Nossa vida é exígua. Triste isso, para a maioria (há os que já se encheram dela). Mas, esse ser que se pensa como pessoa, consciente de si (achamos que somos), é mero veículo do eterno (ou do muito antigo).
A morte é desintegração. A morte em vida significa a despersonalização, o sentimento predominante de desagregação, de falta de referência própria – em si.
A morte física é a interrupção do ciclo de informação que carregamos no nosso genoma, quando suas proteínas reguladoras e o RNA interrompem suas rotinas.
Enquanto vivos, servimos como hospedeiros de micróbios. Eles nos acompanham até depois de nossa morte, ajudando-nos na nossa decomposição.
Quando nos sentimos saudáveis somos o lar para cerca de 10 mil espécies de microorganismos. São trilhões de bactérias e vírus que povoam as diferentes partes do nosso corpo, o que dá de 1 a 2 kg. Num centímetro quadrado de pele humana há mais de 100 mil micróbios. Para cada célula humana existem ao redor de dez células microbianas.

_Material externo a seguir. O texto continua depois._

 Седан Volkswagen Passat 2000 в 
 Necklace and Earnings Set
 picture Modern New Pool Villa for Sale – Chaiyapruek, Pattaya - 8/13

Não nos orgulhemos: uma colher de chá de terra tem cerca de um trilhão de micróbios.
E esses bichinhos são muito apegados à perpetuação: a bactéria Escherichia coli, simpaticamente conhecida como E. coli, se reproduz 72 vezes num dia.
E, alguns deles surgiram na Terra há 3,8 bilhões de anos (ironicamente, são chamados de ‘micróbio’, pequena vida, embora sejam quase eternos como espécie). O ser humano só os “descobriu” no século XVII. Mas eles já haviam nos descoberto 350 mil anos atrás, quando nossa espécie surgiu. Nós só percebemos que eles poderiam nos causar doenças no final do século XIX.
Depois da desintegração de nosso corpo, voltamos – de certa forma – a ser eternos. Voltamos a ser partículas, que nasceram durante os primeiros segundos de existência do universo. Esses átomos, a partir dos quais se formaram as moléculas e macromoléculas do nosso fugaz organismo, voltam para o colo do Universo. E vão se reorganizar noutras manifestações, sob a trama do mistério.
Mistério que também carregamos. Não à toa nos reconhecemos como filhos do Céu.
“Crer que um homem é um ser supranatural é um erro que levou à ideia louca do homem senhor da natureza, que ia conquistá-la e dominá-la. Isolar a vida da matéria é uma ideia louca e que, hoje em dia, é comprovadamente falsa.” (Edgar Morin, 1992)
Ah a pretensão, indissociável dos nascidos de boa vontade.